Es en este punto donde se puede apreciar la especial fidelidad del pontífice a la doctrina genuina del Vaticano II, en el surco de una recepción viva que profundiza enérgicamente en lo sustancial y desarrolla lo que entonces se encontraba solo in germine. Su percepción de los contenidos del capítulo II de Lumen gentium gira sobre una noción de «pueblo» lejana de un cierto «populismo» extendido durante el período inmediatamente posconciliar, cuando el concepto «pueblo» era frecuentemente entendido en clave de lucha de clases, según una óptica marxista, o siguiendo una tendencia sociológica y democratizadora.
Lo que evita estos extremos es una aproximación y penetración de la categoría «pueblo de Dios» desde la perspectiva de la comunión. Se ha subrayado, justamente, que, en Francisco, la eclesiología del pueblo de Dios del capítulo II de Lumen gentium está bien enmarcada por la Ecclesia de Trinitate del capítulo I, sobre la Iglesia como misterio de comunión 7. Conviene recordar, en este punto, un aspecto de la génesis de este texto conciliar no siempre tenido debidamente en cuenta. Es frecuente hacer referencia a la novedad que significó la nueva ordenación de los capítulos de la Constitución durante las discusiones en el aula conciliar. De la secuencia Iglesia, misterio, jerarquía, laicos, religiosos se pasó a la secuencia definitiva misterio, fieles, jerarquía, laicos, religiosos, separando del capítulo sobre los laicos del primer esquema lo que corresponde a la general condición cristiana (fieles) y anteponiéndolo al de la jerarquía. De este modo, se hablaba primero de lo que es sustancial y común a todos y luego de las diversas categorías de fieles.
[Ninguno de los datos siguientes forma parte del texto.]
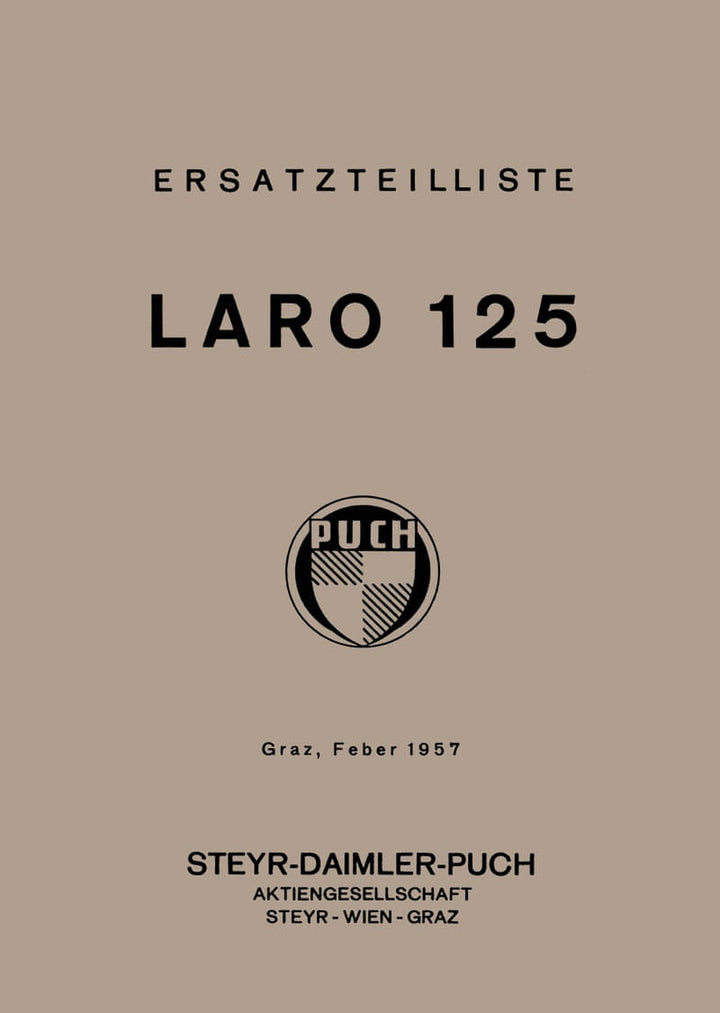 Puch Laro 125 Ersatzteilkatalog, Buchcover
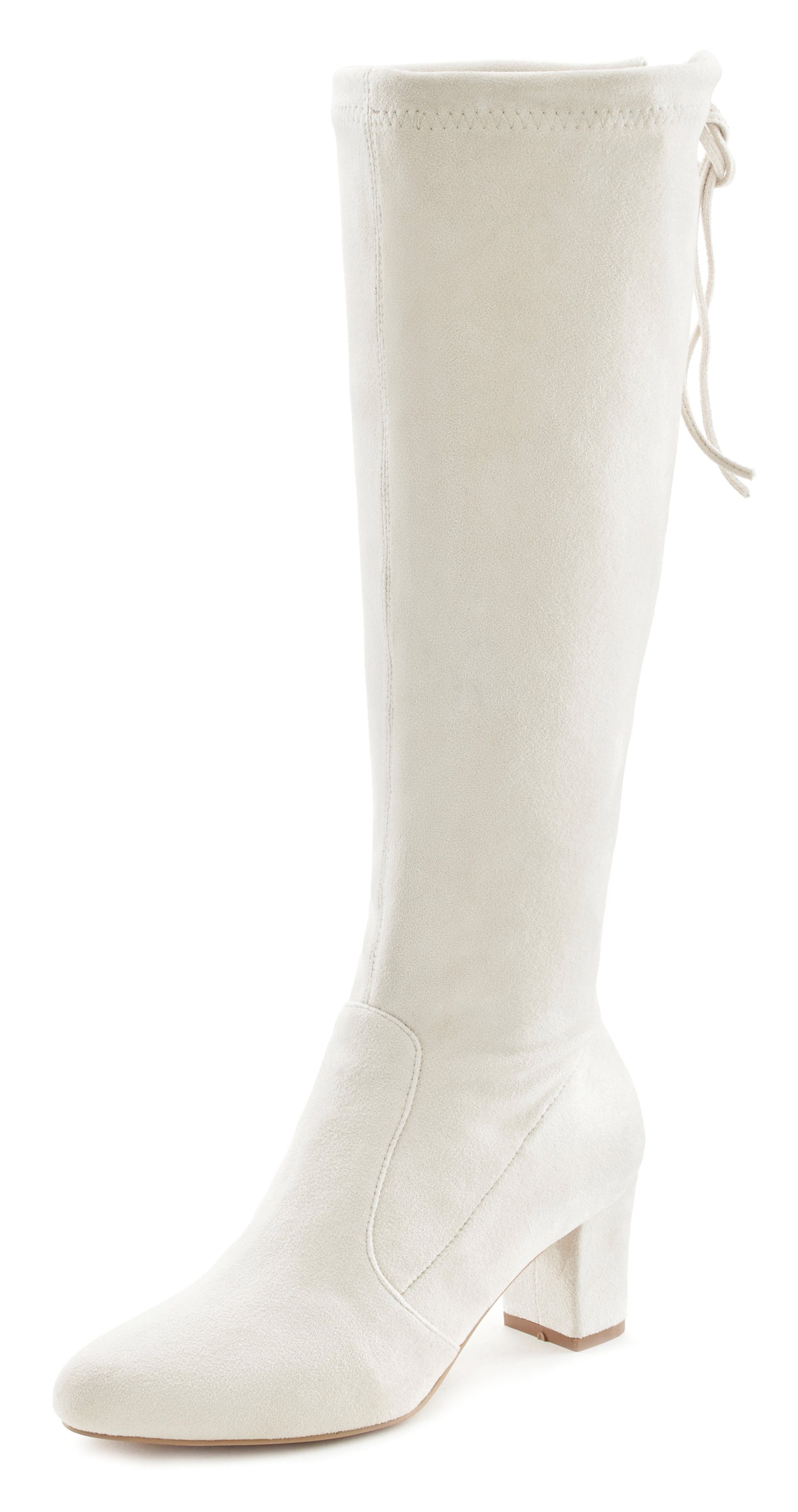 Lascana Instaplaarzen Slip-on boots, slouchy boots, slip-on, stretch & blokhak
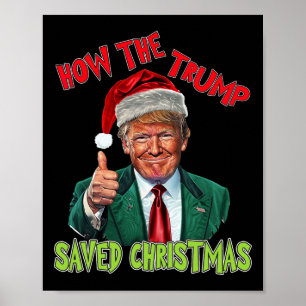 Póster Cómo salvó Trump a los Navidades Divertidos Trump 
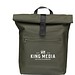 Lennon Roll-Top Recycled PU Backpack Rucksack, Dunkelgrün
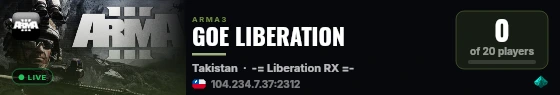 GOE LIBERATION live status badge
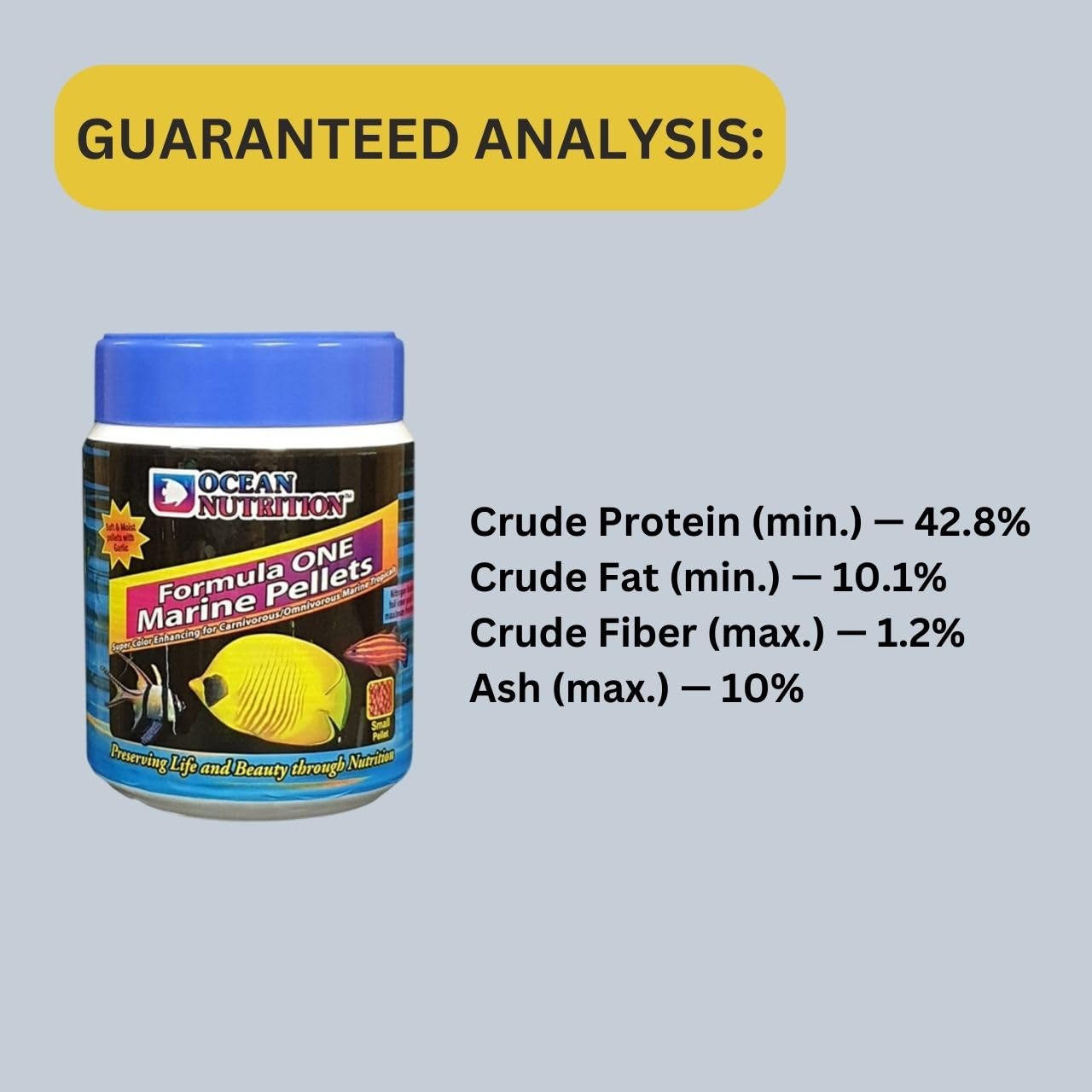 ON+ Formula One Marine Pellets Fish Food (Original from Tunai Store) | Super Color Enhancing for Carnivorous/Omnivorous Marine Tropical Fish (200gms, Small Pellets)
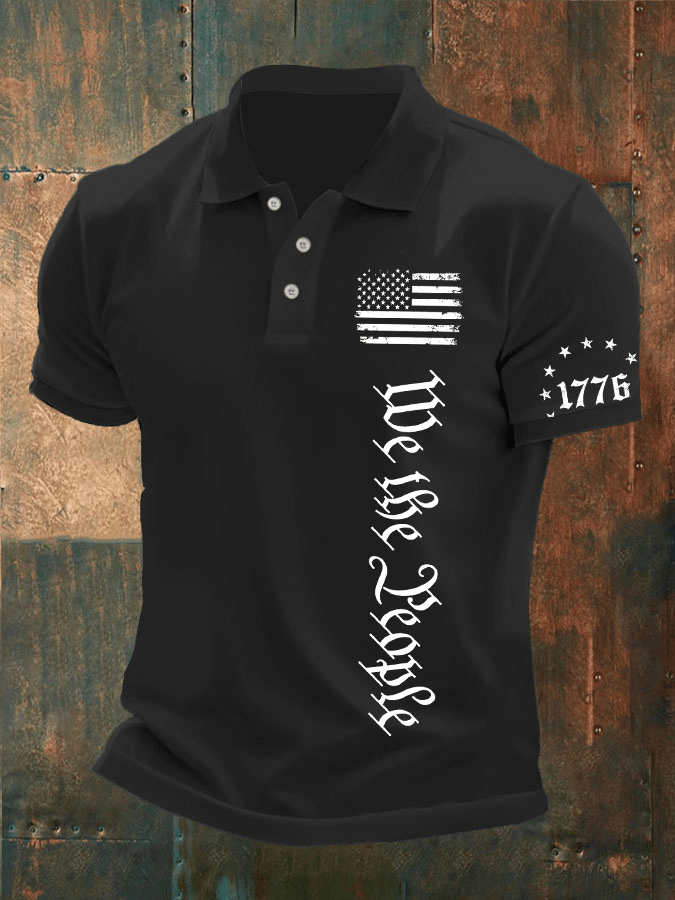 Men's Independence Day Printed Casual Polo Shirt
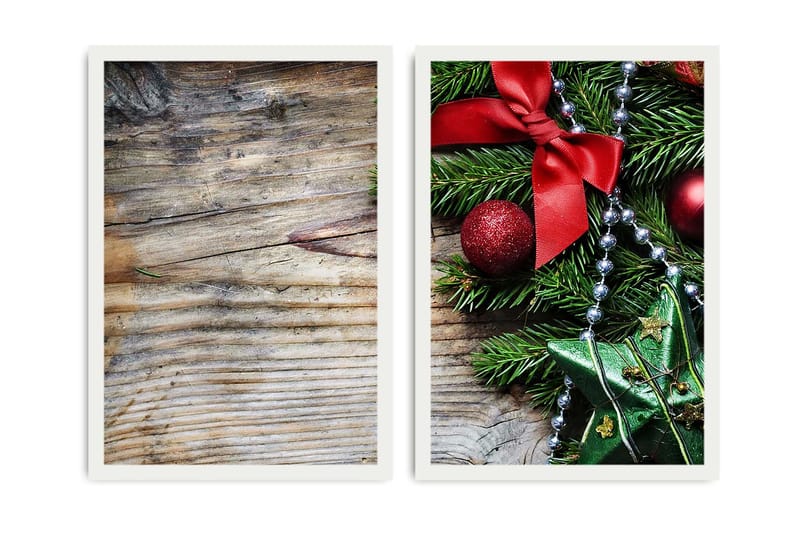 Dekorativ Inramad MDF-målning 2-Delar 35x50 cm, Flerfärgad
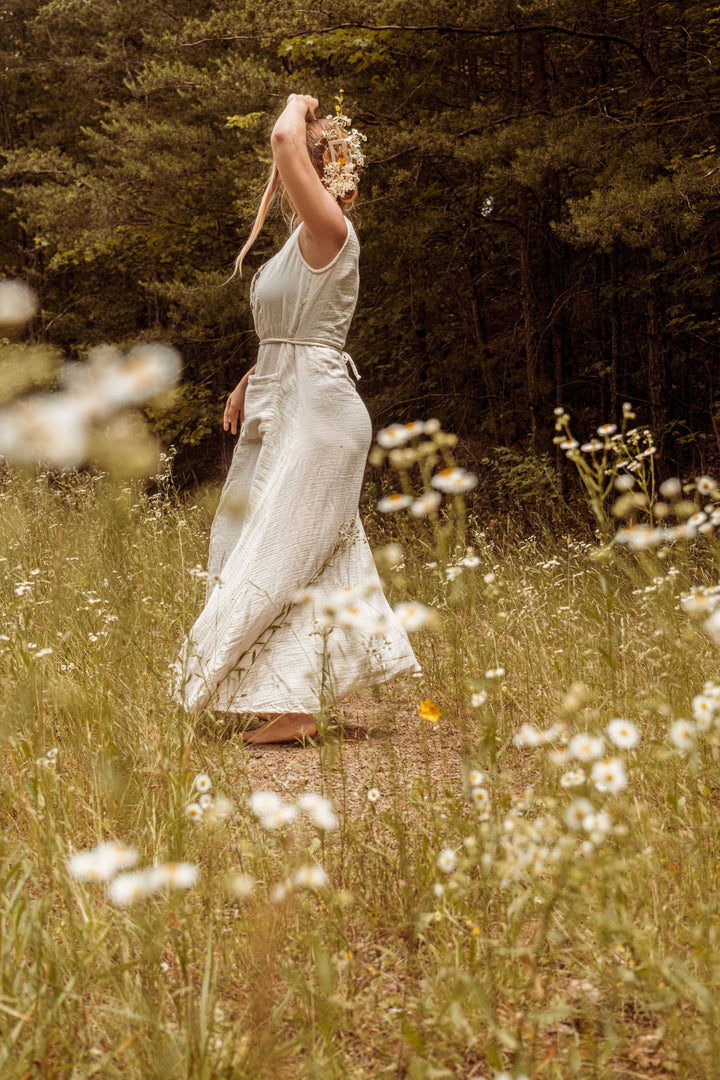 Organic Bamboo Cottage Core Button Down Dress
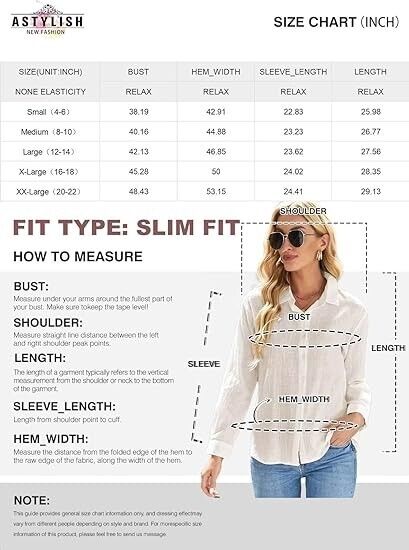 Astylish Womens V Neck Roll up Sleeve Button Down Blouses Tops White Small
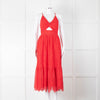 ML Monique Lhuillier Red Lace Sleeveless Midi Dress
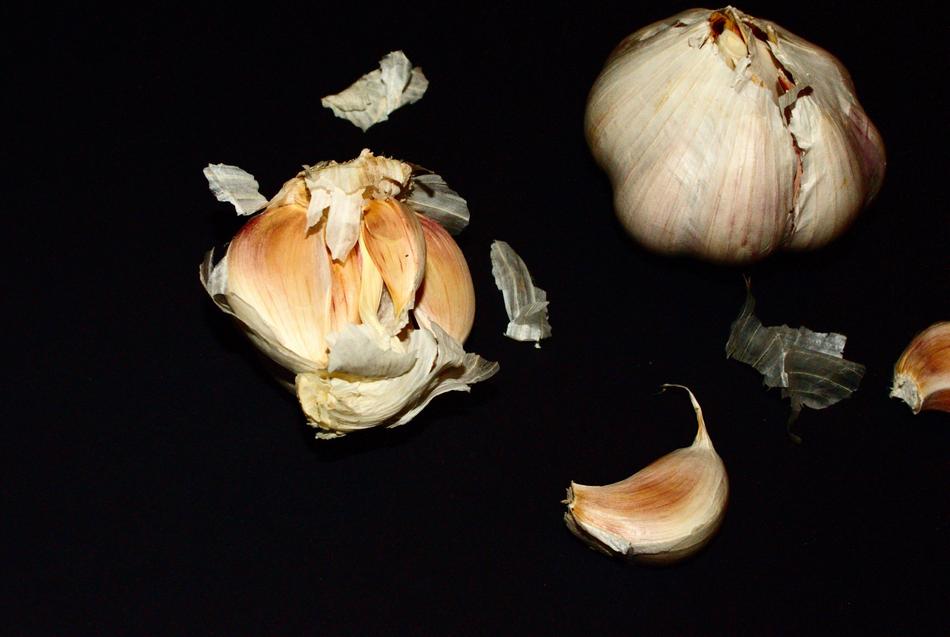 delicious garlic on a black background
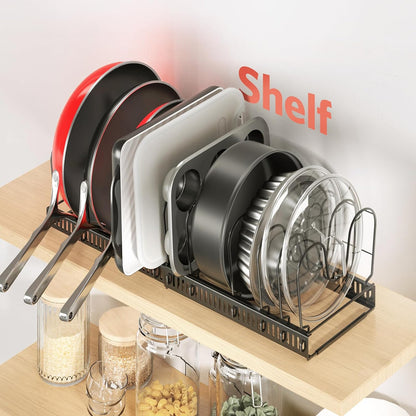 Pots and Pans Organizer under Cabinet with Pan Holder: Expandable 11.8"-22.8" Kitchen Cabinet Organizer Rack, 12 Adjustable Dividers Storage for Cookie Sheets, Cutting Boards & Heavy Cookware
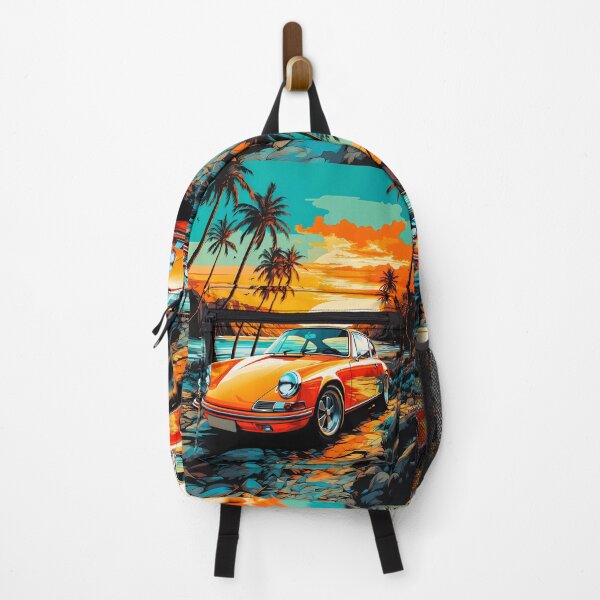 Item preview, Classic Coupe By The Beach With Palm Trees Retro Style designed and sold by RevUpDesign.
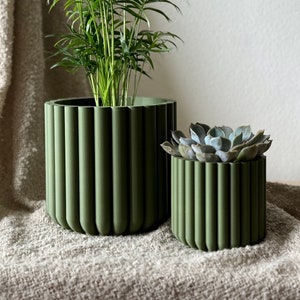 Peut inclure: Deux pots en céramique verts à motif côtelé. Le plus grand pot contient une plante verte feuillue, tandis que le plus petit pot contient une plante succulente.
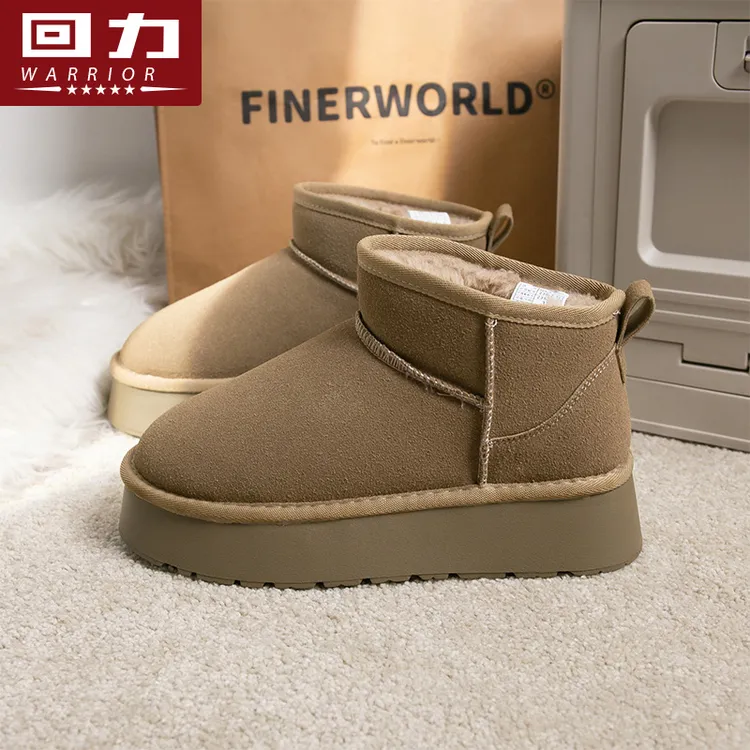 回力女鞋2025冬季爆款厚底保暖高帮鞋百搭潮流加绒时尚休闲雪地靴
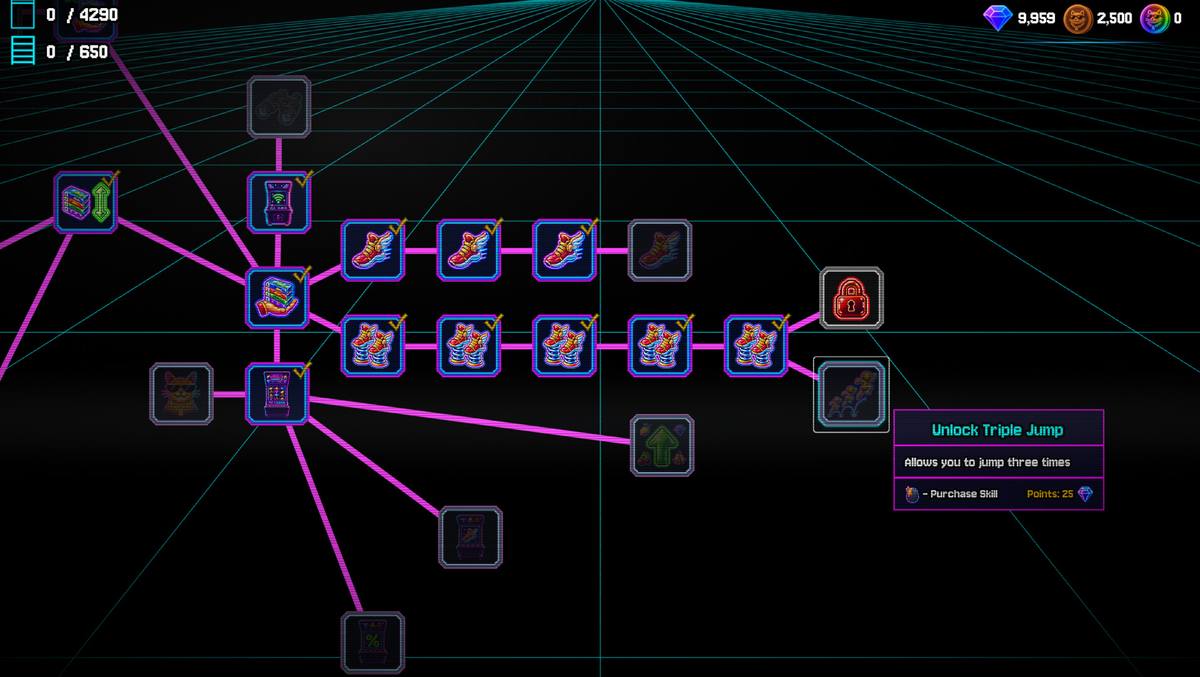 The skill tree screen: a neon grid with branching nodes and the Triple Jump tooltip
Son, en cambio, menos conocidas las vacilaciones que hubo en el aula conciliar respecto a lo que en la versión definitiva son los capítulos I y II. El conjunto de este material podría haber constituido un único capítulo; ello no se realizó simplemente porque se quiso evitar –como se lee en las actas del Concilio– que moles huius capitis nimis excresceret 8. Quedó constancia, sin embargo, de la preocupación de los padres conciliares respecto a que haec materia [el actual capítulo II] de intima Ecclesiae natura et fine separari nequit 9. Se impuso, pues, una lectura de la Iglesia pueblo de Dios a la luz de la Ecclesia de Trinitate, donde encontramos la eclesiología de comunión en su forma más sustancial. De ahí la importancia de la cita de De Dominica oratione (n. 23) de san Cipriano, al final de LG 4: «Y así toda la Iglesia aparece como “un pueblo reunido en virtud de la unidad del Padre y del Hijo y del Espíritu Santo”». Lo que mantiene unida a la Iglesia-pueblo es su participación en la comunión trinitaria. Es también por esto por lo que en el texto central de Lumen Gentium, sobre el pueblo de Dios, no se deja de recordar que a «este pueblo mesiánico» Cristo «lo instituyó para ser comunión de vida, de caridad y de verdad» (LG 9). El pueblo de Dios, en definitiva, ha sido instituido para ser comunión.
La mencionada separación de capítulos, aunque legítima, no ha estado libre del peligro de la separación de los conceptos, abriendo las puertas a un entendimiento de la Iglesia-pueblo en paralelo con la Iglesia-comunión, llegando a veces a la divergencia. Es, por tanto, muy apreciada en el magisterio de Francisco la convergencia entre pueblo y comunión. En la Exhortación apostólica Evangelii gaudium, el documento programático de este pontificado, leemos: «Es el Espíritu Santo, enviado por el Padre y el Hijo, quien transforma nuestros corazones y nos hace capaces de entrar en la comunión perfecta de la Santísima Trinidad, donde todo encuentra su unidad. Él construye la comunión y la armonía del pueblo de Dios» (EG 117). La comunión eclesial del pueblo de Dios es así pensada como don pneumatológico.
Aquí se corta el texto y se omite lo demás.